Wir haben uns über Jahre darauf verlassen, dass die USA unsere Sicherheit garantieren, dass China ein wichtiger Absatzmarkt ist und Russland günstige Energie liefert. Das ist alles weg. Wir hätten eine stabile Regierung gebraucht, doch die war dann nicht mehr da. Die Frage ist nicht: Wer ist der blödeste Ampelversager, sondern was ist das Beste für Deutschland. Inhaltlich hat die Ampel an vielen Stellen geliefert. Aber das Bild, das sie abgegeben hat, dieser Dauerstreit, diese transportierte Schwäche, das war nicht gut.
Robert Habeck hat sich klar zu Abschiebungen in ein sicheres Syrien positioniert: Wer keine Arbeit hat, wird abgeschoben. Das hat Kritik hervorgerufen, ihm wurde Annäherung an die CDU unterstellt. Wie sehen Sie das?
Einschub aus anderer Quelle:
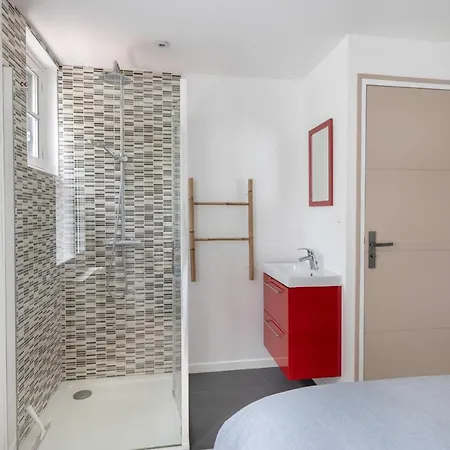 - Magnifique Maison Avec Piscine - 8 Pers *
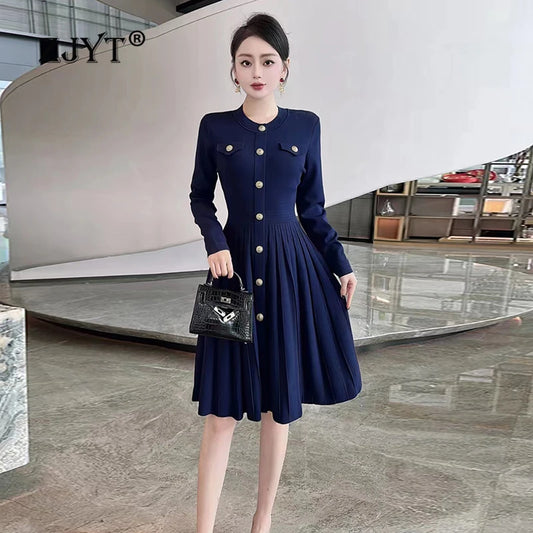 Long-sleeved knitted dress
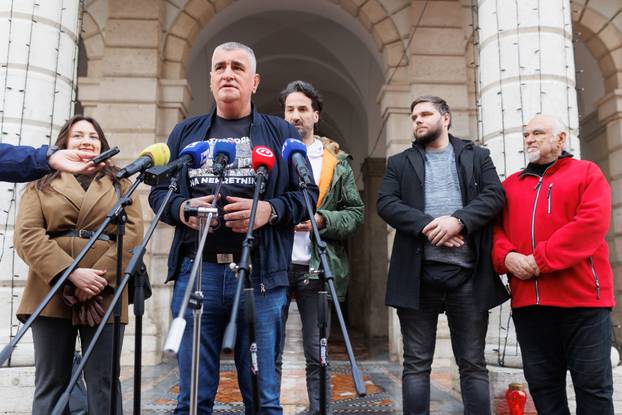 Rijeka: Predsjednički kandidat Mosta Miro Bulj održao  je konferenciju za medije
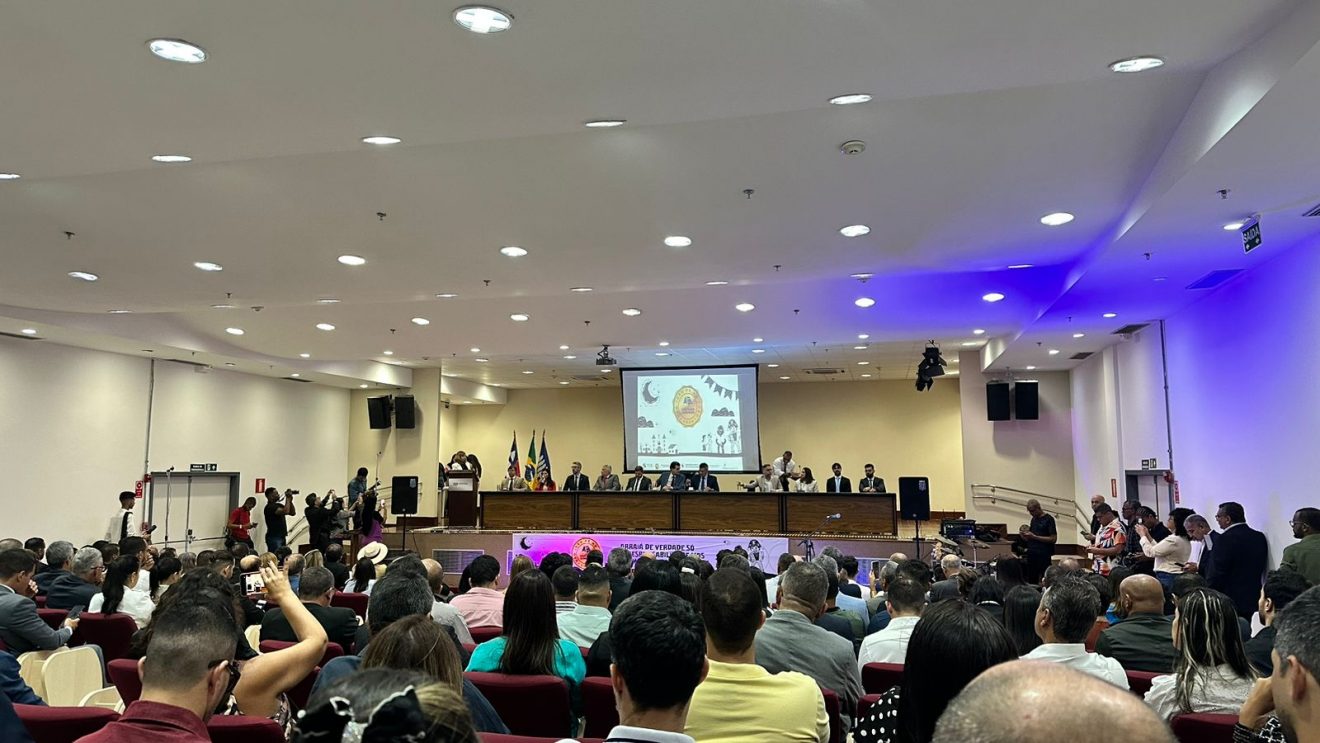 Candeias recebe selo de transparência por investimentos nos festejos juninos pelo 2º ano consecutivo.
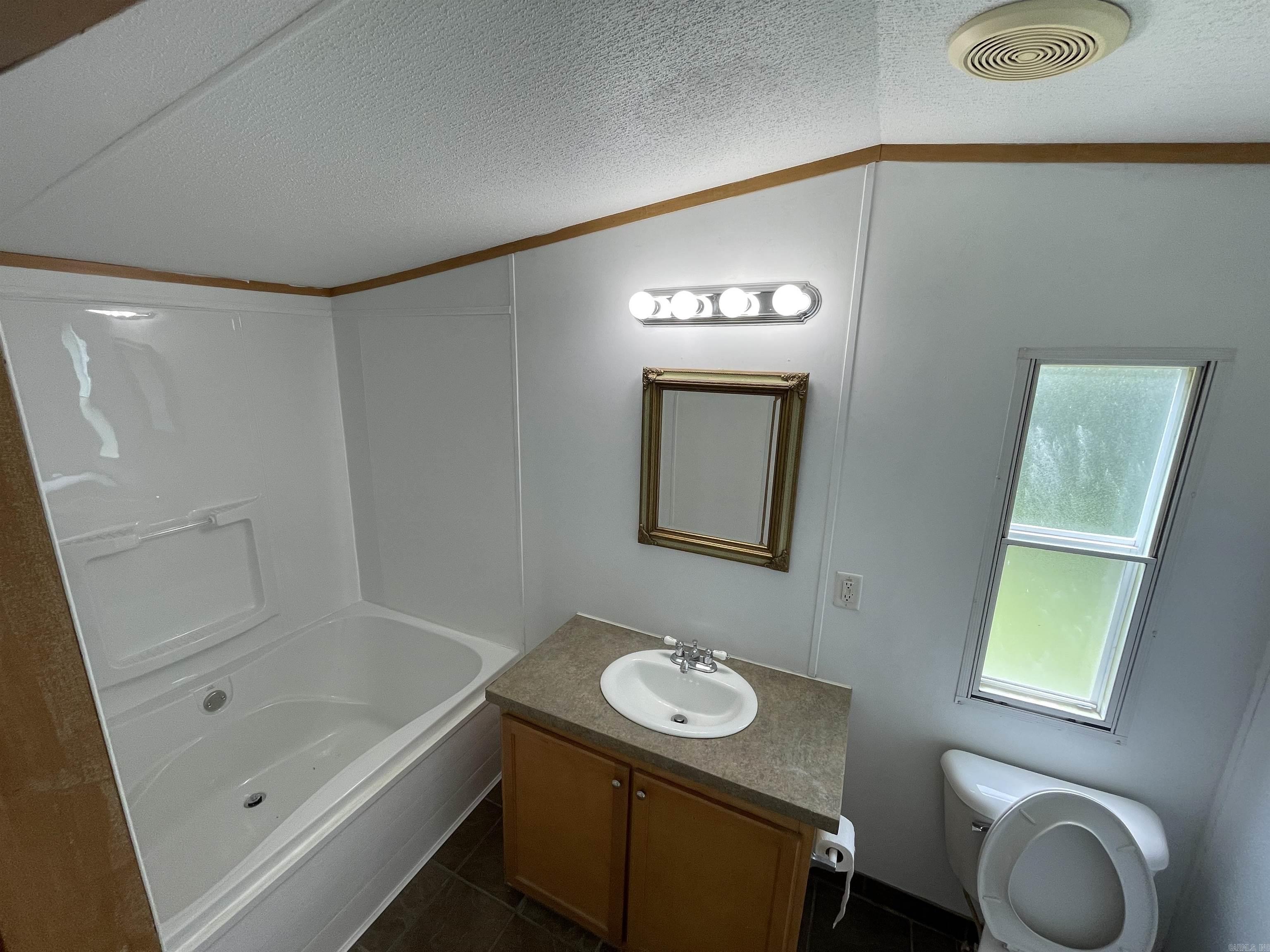 12433 Hood Road  Bauxite, AR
Erst einmal ist es eine große Erleichterung, dass dieses Schreckensregime vorbei ist. Viele Menschen, die jetzt in Deutschland leben, schauen gespannt auf die Entwicklung. Das könnte dafür sorgen, dass viele freiwillig zurückgehen, um ihr Land mitaufzubauen.
Dann gehen aber auch die Fachkräfte ...
Daher müssen wir darum werben, dass die Syrerinnen und Syrer in Deutschland bleiben, die unsere Wirtschaft, unser Gesundheits- und das Bildungssystem stärken. Das Recht auf Asyl dürfen wir nicht infrage stellen, es ist Teil grüner DNA. Aber: Wir brauchen Humanität und Ordnung, wollen als Land wissen, wer bei uns ist. Wer kein Bleiberecht hat, muss gehen.
Nach dem Gespräch von Elon Musk und Alice Weidel: Wie sehr muss man inzwischen Einflüsse auf Wahlen von außen fürchten?
Was Herr Musk als Privatperson tut und sagt, könnte uns herzlich egal sein. Falls es sich bei dem Gespräch um illegale Parteienfinanzierung handelt, muss man dagegen vorgehen.
Ich beobachte seit einiger Zeit darüber hinaus eine zunehmende Einflussnahme durch gesteuerte Algorithmen oder Trollarmeen, die bewusst manipulieren und Desinformation verbreiten. Die Korrekturen verpuffen oft. Das ist eine große Gefahr für die Demokratie.
Also weniger Internet im Wahlkampf wagen?
Aber ein Rückzug aus den sozialen Medien ist keine Option. Wir müssen mit offenem Visier und klugen, manchmal humorvollen Dingen die Aufmerksamkeit auf uns ziehen. Es ist wichtig, früh mit Aufklärung und Medienbildung zu starten, um zwischen Fakes und Wahrheit zu unterscheiden.
Herzlichen Dank für das Gespräch, Frau Fegebank.